New USB standards bring benefits but growing incompatibilities

A growing number of conflicting USB and embedded USB (eUSB) standards is creating compatibility headaches despite their status as formal standards, according to a new analysis from Semiconductor Engineering.

“Just because it’s a standard doesn’t mean everything will work together, and this is especially evident with conflicting USB standards,” the report notes, drawing on expert insight from David Shin, senior product marketing manager at Cadence Design Systems.

The problem stems from the rapid evolution of USB specifications combined with the practical need for backward compatibility. Multiple versions of the standard, from USB 2.0 and USB 3.x through USB4 and eUSB2/eUSB3, must coexist in modern devices, but differences in signalling, power delivery, and connector configurations mean that compliance with one version does not guarantee interoperability with another.

For hardware designers, the challenge is managing controller IP that supports multiple versions simultaneously while navigating issues such as repeater mode configurations, signal integrity at higher data rates, and power negotiation across incompatible implementations.

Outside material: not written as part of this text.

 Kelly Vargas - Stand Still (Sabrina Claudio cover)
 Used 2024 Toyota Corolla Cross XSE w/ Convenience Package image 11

For consumers, the practical impact is familiar: a cable that works for charging may not support data transfer at advertised speeds, or a device that claims USB4 compatibility may not achieve expected performance when connected through certain ports or cables.

The analysis serves as both a technical roadmap for integrating various USB specifications and a cautionary tale about the limits of standardisation when standards themselves proliferate faster than the ecosystem can absorb them.